Several activities are employed in network management to ensure correct network operation, including activities for administration, maintenance, and provisioning of network devices (Commer, 2006; Clemm, 2007). Among these activities, one of the most CPU- and bandwidth-intensive tasks is network polling, used for network monitoring. This activity is performed by a network manager entity, which periodically requests status and performance information from a typically large set of network agent entities. The collected information enables, for example, the detection of critical conditions that require some reaction from the management system in order to lead the managed infrastructure back to a stable, safe state. It also can be used to collect periodic performance data for statistical and trending analyses.

When carried out using traditional management models, based on centralized and weakly distributed management paradigms (Martin-Flatin, Znaty & Hubaux, 1999; Martin-Flatin, 2003; Schönwälder, Quittek & Kappler, 2000), the employment of polling to monitor modern, high speed networks becomes a critical issue because the volume of generated traffic and the processing power required to deal with this management information is prohibitive. Given that, polling tends to be avoided as much as possible, or even replaced by other methods, such as instrumenting managed devices to automatically send a notification when anomalous situations are internally detected.
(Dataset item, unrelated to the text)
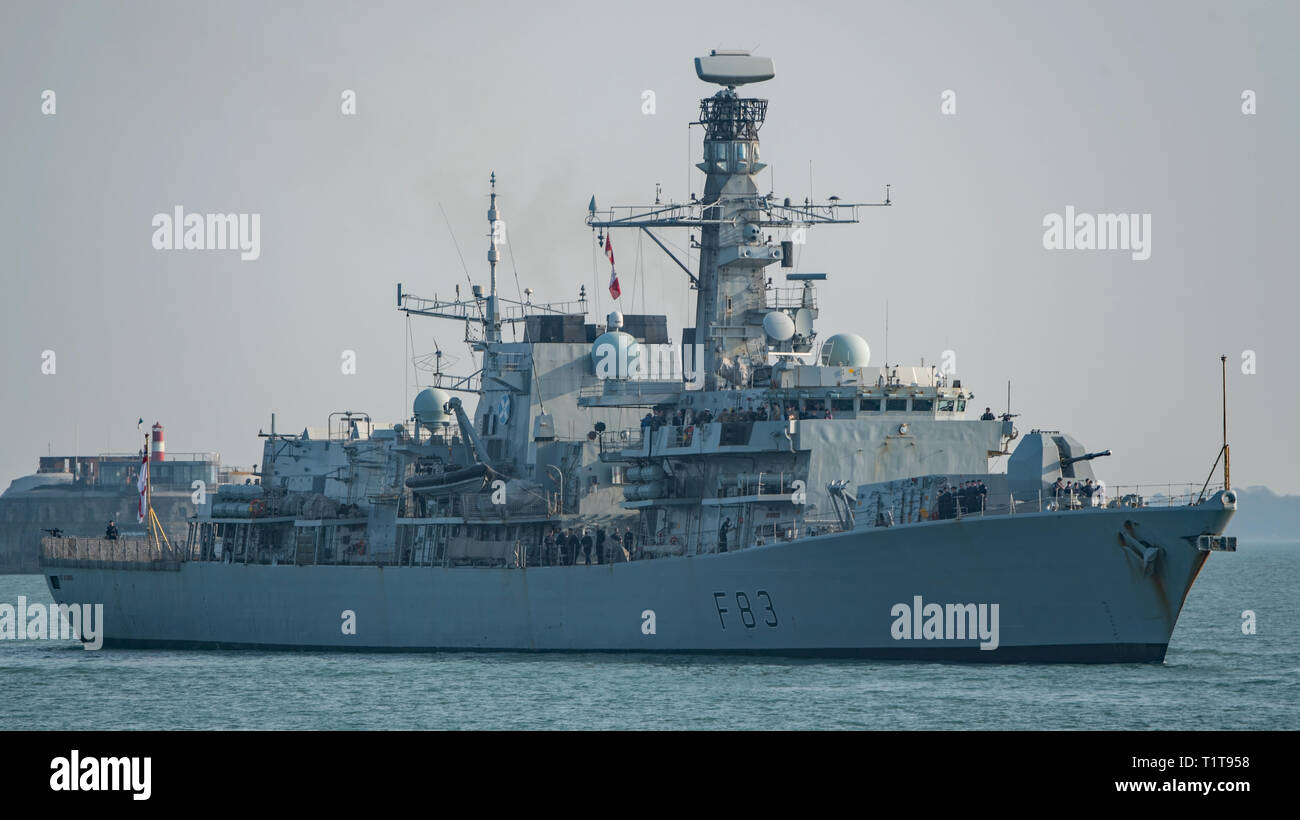 Die Royal Navy Typ 23 Anti-U-Boot Fregatte HMS St Albans (F83) in Bezug auf die Ansätze nach Portsmouth Harbour, UK am 28. März 2019. Stockfoto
However, avoiding polling activity is not possible in many situations. It occurs, for example, when a management application must monitor the status of a device variable that does not generate events. It also happens when the notification itself is sent via an unreliable transport mechanism such as the User Datagram Protocol (UDP) as used by the Trap messages in the Simple Network Management Protocol (SNMP) (Harrington, Presuhn & Wijnen, 2002). In fact, it occurs frequently, as can be observed in recent investigations (Schönwälder, Pras, Harvan, Schippers & van de Meent, 2007) on the actual use of SNMP, in which SNMPv2 confirmed notifications (Inform messages) (Harrington, Presuhn & Wijnen, 2002) were rarely found in SNMP usage in actual production networks. In addition, such research work (Schönwälder, Pras, Harvan, Schippers & van de Meent, 2007) has confirmed that traditional, polling-based network monitoring responds for most of the SNMP traffic generated. This means that although alternatives for polling do exist, traditional polling is still extensively employed.

Nevertheless, polling architectures of traditional management models are not feasible to be used in modern networks. In such traditional architectures, the polling of all devices is executed by a single or few management stations. This causes serious scalability problems because there is a large overload of management traffic in the management stations as well as in the links close to them. Moreover, such architectures have fault tolerance problems because, if the communication between the managed device and the management stations is lost, the monitoring of all devices managed by this station is interrupted. This way, alternative approaches have to be investigated to execute polling-based network monitoring in current days.

A promising alternative for distributed management systems is peer-to-peer (P2P) technology (Lua, Crowcroft, Pias, Sharma & Lim, 2005; Androutsellis-Theotokis & Spinellis, 2004). P2P systems are largely used today in distributed systems, in a large range of application fields, including file sharing, communication, collaboration, distributed computing and distributed storage. Such systems operate based on virtual networks (called P2P overlay networks) composed of heterogeneous nodes (peers) and virtual links between such nodes. Because of its features, it can be analyzed as a technology that provides support for the distribution of network management operations to a large number of peers, bringing benefits such as scalability, fault tolerance, flexibility and collaboration among human administrators in a cooperative management overlay (Granville, Rosa, Panisson, Melchiors, Almeida & Tarouco, 2005).